Using simple or natural command grammars

The VoiceXML browser uses grammar-based speech recognition, as explained in Grammars.

Grammars can be very simple or extremely complex, as explained in Table 1. The appropriate type to use depends on your application and user characteristics.

Table 1. Simple versus natural command grammars
Type of grammar Description Advantages Disadvantages
Simple Grammar A grammar that includes basic words and phrases that a user might reasonably be expected to say in response to a directed prompt. Many applications will not require complex grammars to be effective, as long as the system prompts constrain likely user input to the valid responses specified by the grammar. Easier to code and maintain.

When used with properly worded prompts, can be as effective as much more complex grammars.

When taken to the extreme, may impose excessive restrictions on what users can say.

For example, although you can code an application that requires users to respond to every prompt with a “YES” or a “NO,” this results in a cumbersome interface for all but the simplest of applications.

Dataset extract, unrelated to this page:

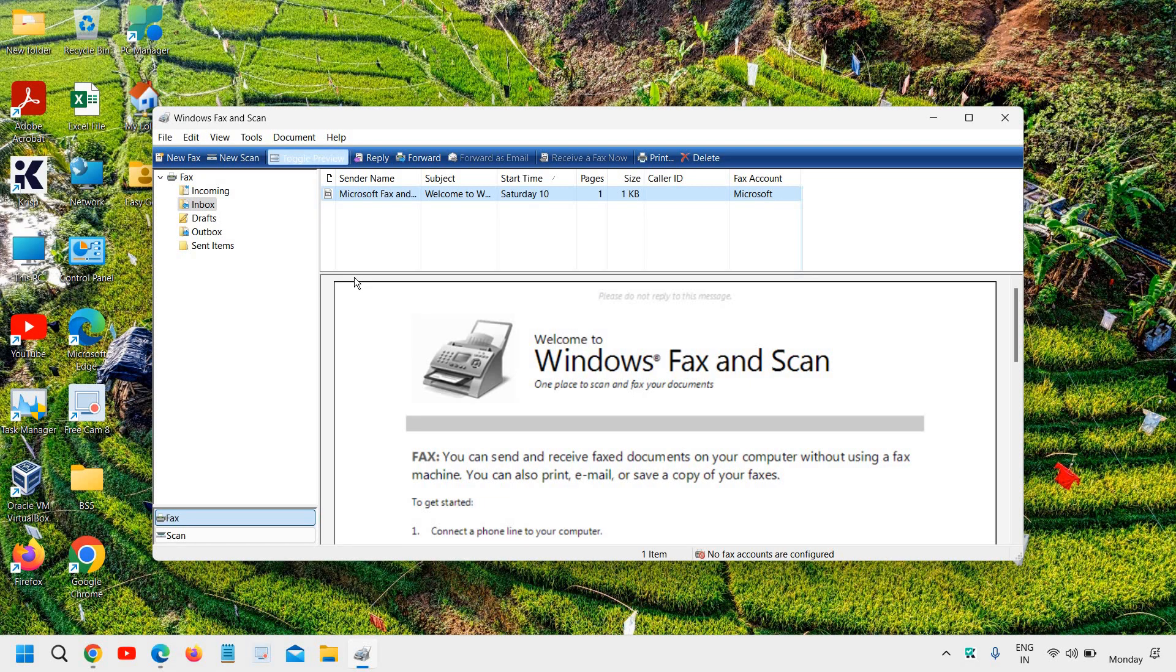Now, if you have successfully scanned the document from Windows Fax and Scan from your printer, please let me know in the comment section. I'll be glad if you do so. If this tutorial is helpful, please hit the like and subscribe as well.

Natural Command Grammar A very complex statistical grammar that approaches natural language understanding (NLU) in its lexical and syntactic flexibility. Can enhance the ability of the system to recognize what users are saying.

Can increase dialog efficiency. See Using menu flattening (multiple tokens in a single user utterance).

Time-consuming to build and more difficult to maintain.

Uses more system resources, possibly impacting performance.

Designing simple grammars

Simple grammars do not attempt to cover all possible ways that a user could respond; rather, you word your prompts in a way that guides users to speak one of a reasonably-sized list of responses, and you code your grammars to accept those responses.

The number and types of responses you will want to support (and therefore, the size and complexity of your grammar) depend on your application and your users.

Evaluating the need for natural command grammars or natural language understanding (NLU)

New SUI designers often start out by assuming that unless a system has true, statistical NLU or NLU-like capability, it will not be usable. This assumption is simply not correct. Well-designed prompts can focus user input so that a fairly small grammar has an excellent chance of matching the user input.

NLU call routing

An emerging area in which NLU applications have seen considerable success is NLU call routing. Callers respond to prompts such as "How may I help you?" and the application uses a number of statistical models to interpret the caller's response and to route the call appropriately. This approach is especially effective if there are many potential destinations and no way to efficiently or clearly group them into categories.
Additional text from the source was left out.